1. — Condemnation of Land — Special Damages — Pleading.
Where plaintiff sued a railroad company in trespass to recover certain land and for damages caused by the erection of tracks and embankments thereon, and defendant by cross-plea asked to have the land condemned, which was done, and plaintiff awarded the value thereof, the admission, without sufficient pleading, of evidence of special injury to the land caused by the embankment was immaterial, as particularity of pleading is not required in condemnation proceedings.
2. — Same — Juror — Fixed Opinion — Bias.
In a condemnation proceeding wherein the jury awarded plaintiff, the owner of the land, less than one-half its value as testified to by him, and no complaint is made of the amount awarded as being excessive, it was not reversible error that the court, over objection, permitted certain jurors to sit in the case who had a fixed opinion that plaintiff ought to recover, they having further answered that such opinion, in their judgment, would not influence them.
3. — Same — Evidence of Value — Harmless Error.
So, in view of the amount awarded plaintiff for the land, of which no complaint is made as being excessive, it was harmless error that plaintiff was permitted to give in evidence "the value to him" of the land condemned and appropriated.
Appeal from the District Court of Potter. Tried below before Hon.

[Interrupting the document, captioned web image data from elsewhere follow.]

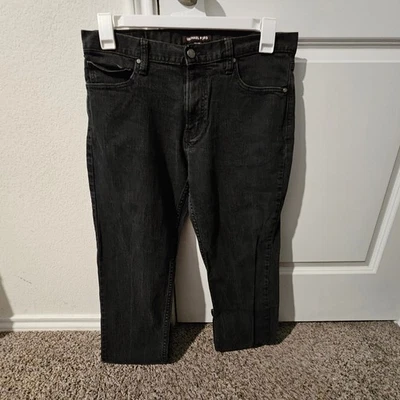 MICHAEL KORS Grant Classic Fit Men's Jeans 33x30 Charcoal Black Denim - Image 1 of 4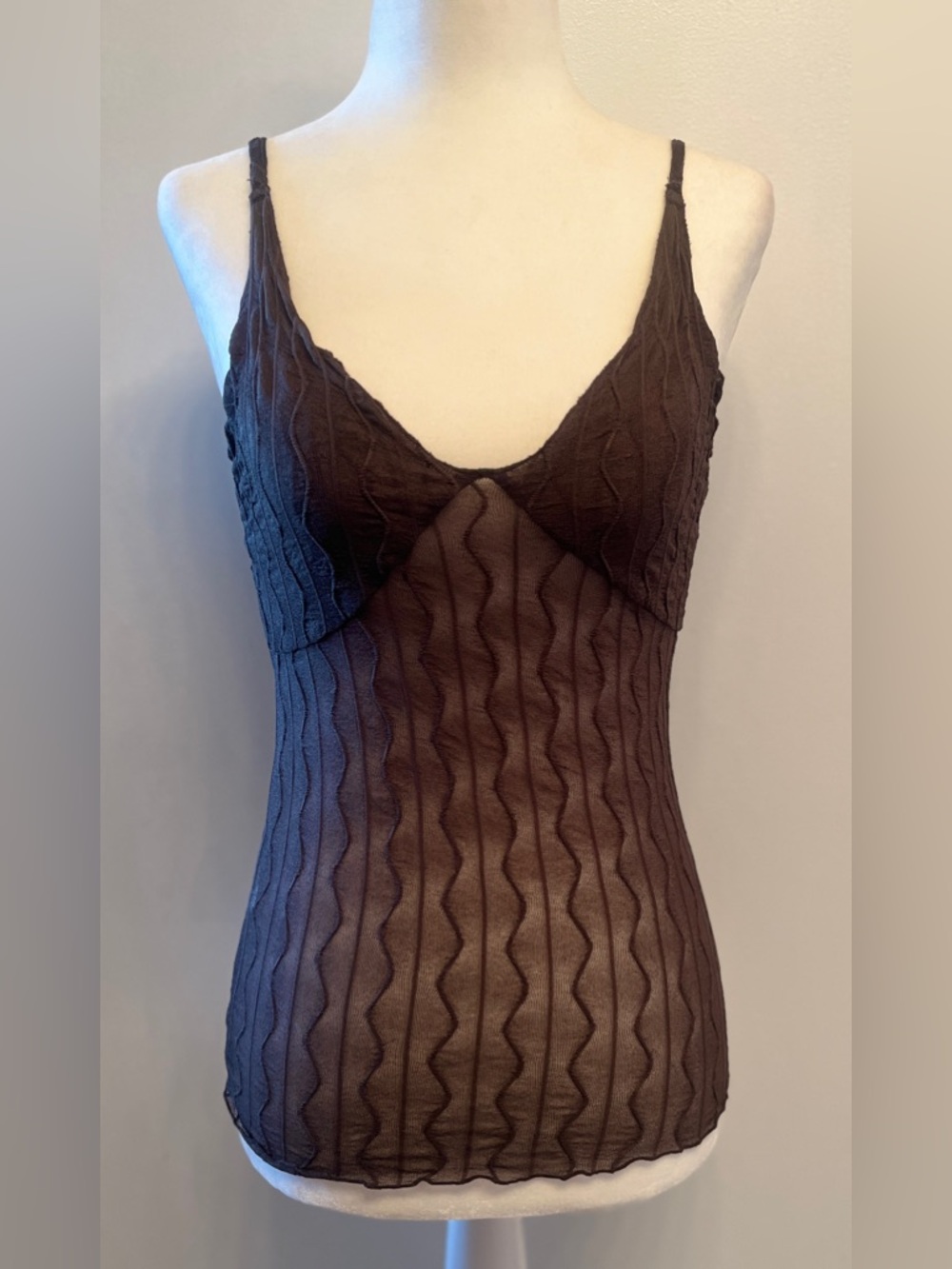 Find Me Now Ross Cami in brown , a sleeveless tank top size M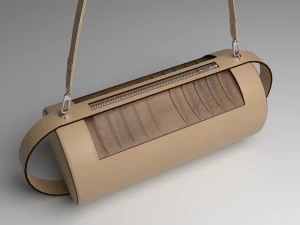 Le style et le luxe du sac &agrave; main cylindrique Modèle 3D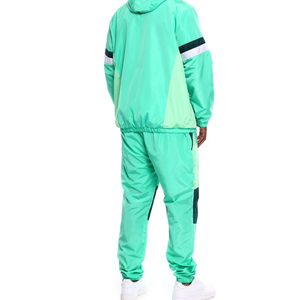 2026 hommes imperméable coupe-vent survêtement respirant 100% coton solide motif extérieur veste pantalon ensemble avec Logo personnalisé OEM - Product Image 4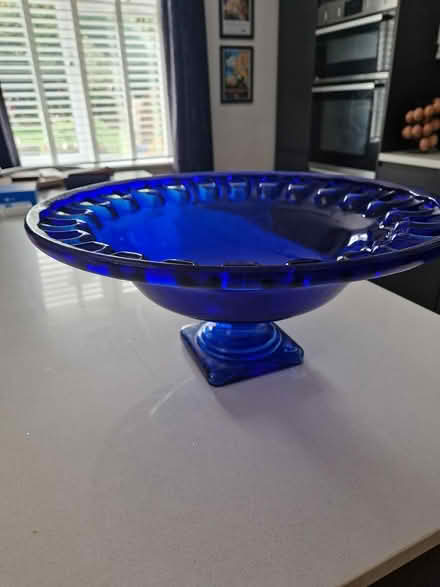 Photo of free Blue glass bowl (Windsor SL4) #1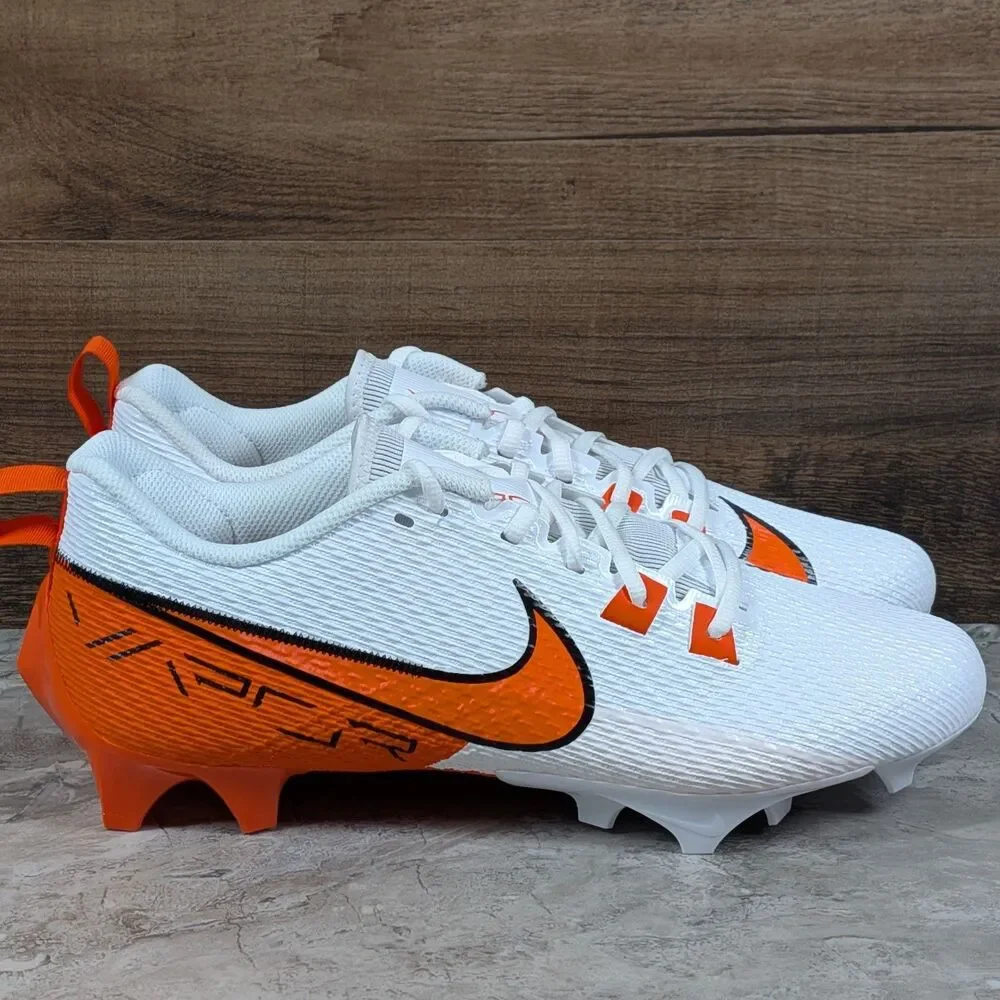 Nike Vapor Edge Speed 360 2 Men's 11 White Orange Football Cleats FQ4045-100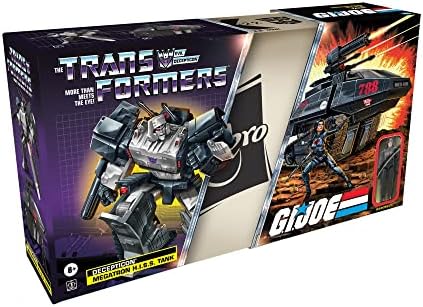 Transformers Generations Collaborative: G.I. Joe Mash-Up, Megatron H.I.S.S. Tank with Cobra Baroness Figure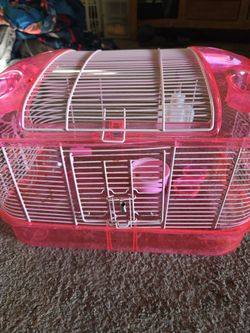 Pink Small Animal Hamster Cage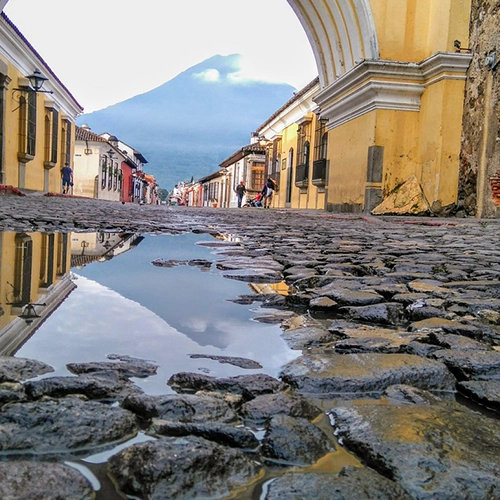Antigua guatemala, Sunrise,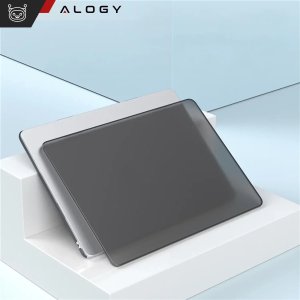 Etui ochronne do Apple Macbook Air 15 M2/M3/M4 2023/2024/2025 Alogy AirGuard Elastyczna obudowa Matowa Czerń 15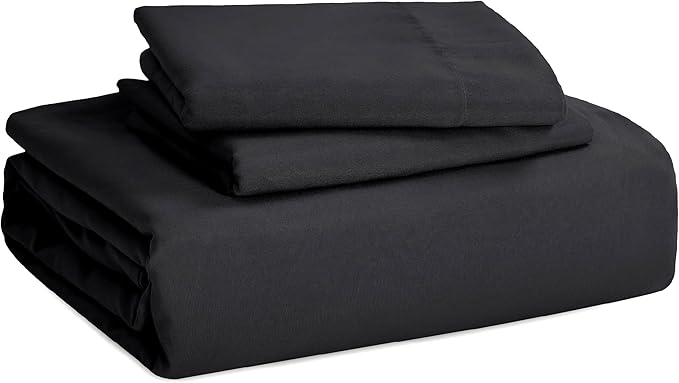 Bedsure Black California King Duvet Cover - Prewashed Cotton-Like Polyester Extra Soft Bedding Set, Includes 1 Cal King Duvet Cover 104x98 Inches with Zipper Closure & 2 Pillow Shams, No Comforter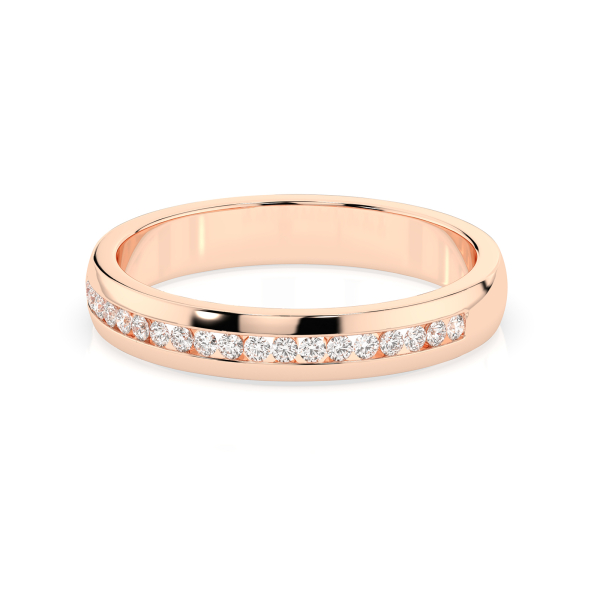 0,15 Karat Diamant Verlobungsring mit 19 Diamanten, Rotgold 585 / 14K, Weite 60 mm, Gewicht ca. 2.8 g.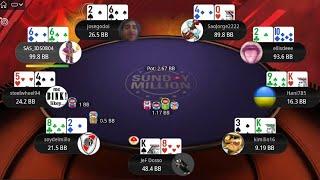 $109 SUNDAY MILLION 25-08-2024 SaoJorge2222 | soydelmillo | JeF Dosso - Final Table Poker Replays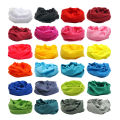 Dyeing Color Neck Gaiter Men Women Plain Bandana Multifunctional Headscarf Windproof Face Shields Seamless Tube Snood Warmer. 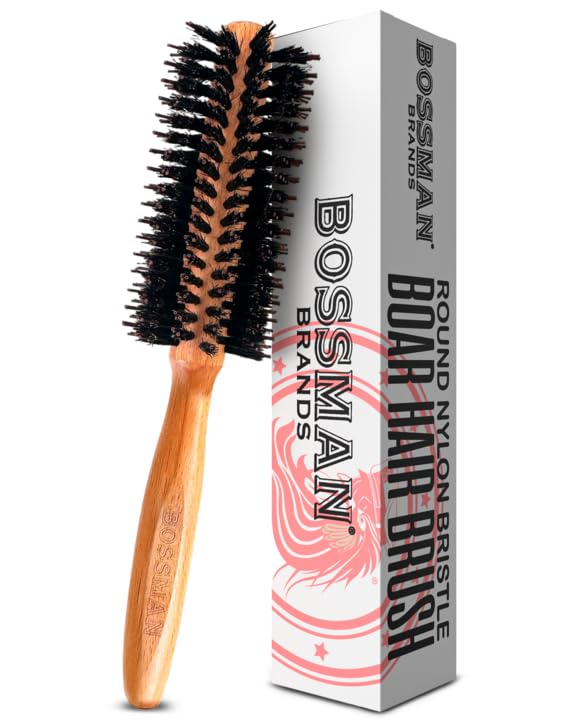 Round Boar & Nylon Bristle Brush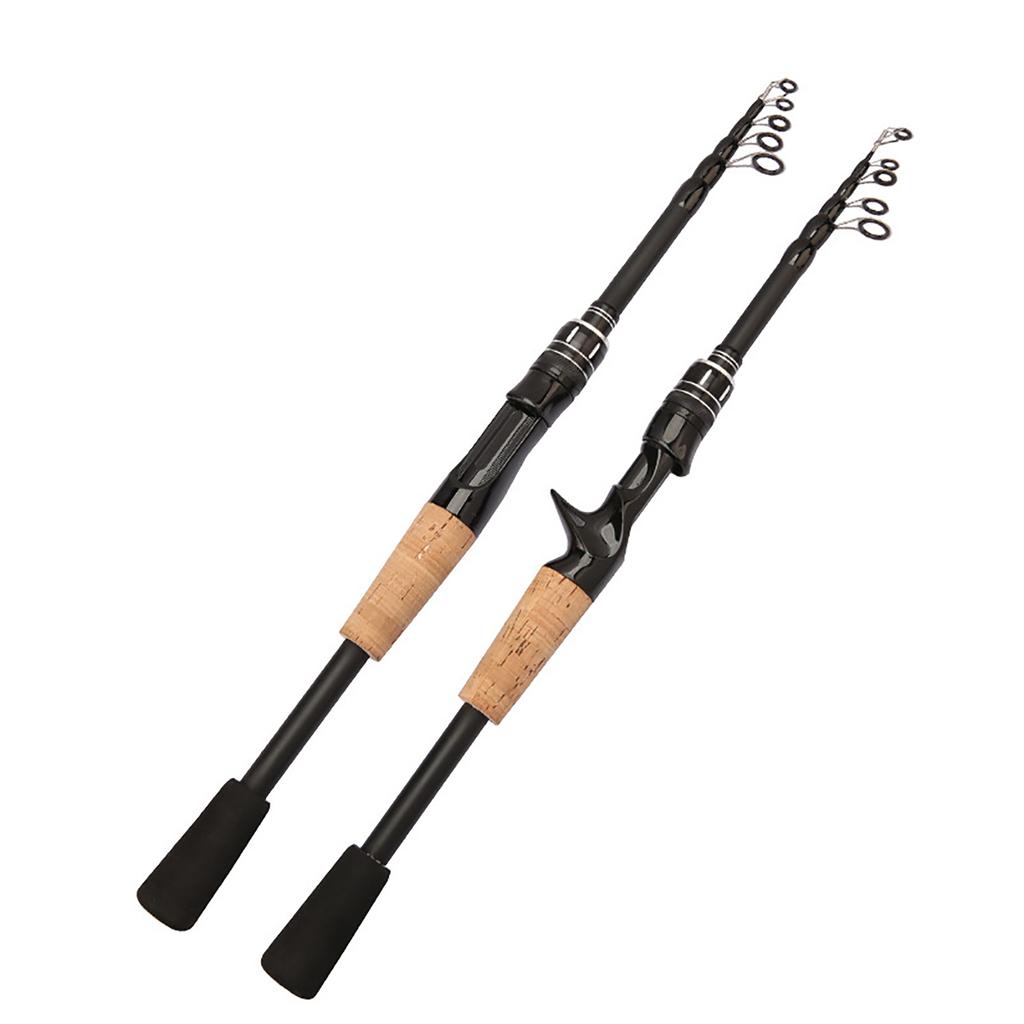 1.5M/1.8M/2.1M/2.4M Spinning Fishing Rod Portable Telescopic Casting Rod Carp Rod Lure Bass Fishing Pole For Freshwater Fishing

Ira Webster.
Reeder Cooper, for appellant.
Wallace Lumpkin, for appellees.
This was an action in trespass and for damages, in which appellees allege that appellant is a corporation duly incorporated under the laws of the State of Texas; that appellees were the owners of lot No. 5 in block No. 158, and block No. 143, containing lots 1, 2, 3, 4, 5, 6, 7, 8, 9 and 10, in the town of Amarillo; that on or about the 1st day of May, 1903, appellant unlawfully entered upon said land and ejected appellees therefrom and still withholds possession thereof, to appellees' damage in the sum of $1500; that appellant appropriated all of said lot No. 5 in block 158, the market value of which is $125; that appellees had their home upon block 143, and had erected thereon their residence, barns, outbuildings, well, windmill and tanks, making the same a desirable home; that across the southeast corner of said block 143 appellant had erected an embankment about thirty feet high, which causes the dust to blow therefrom on appellees' home, making it an undesirable place; that said block of land was of the market value of $2000, and that since said acts said block is of the market value of $1000.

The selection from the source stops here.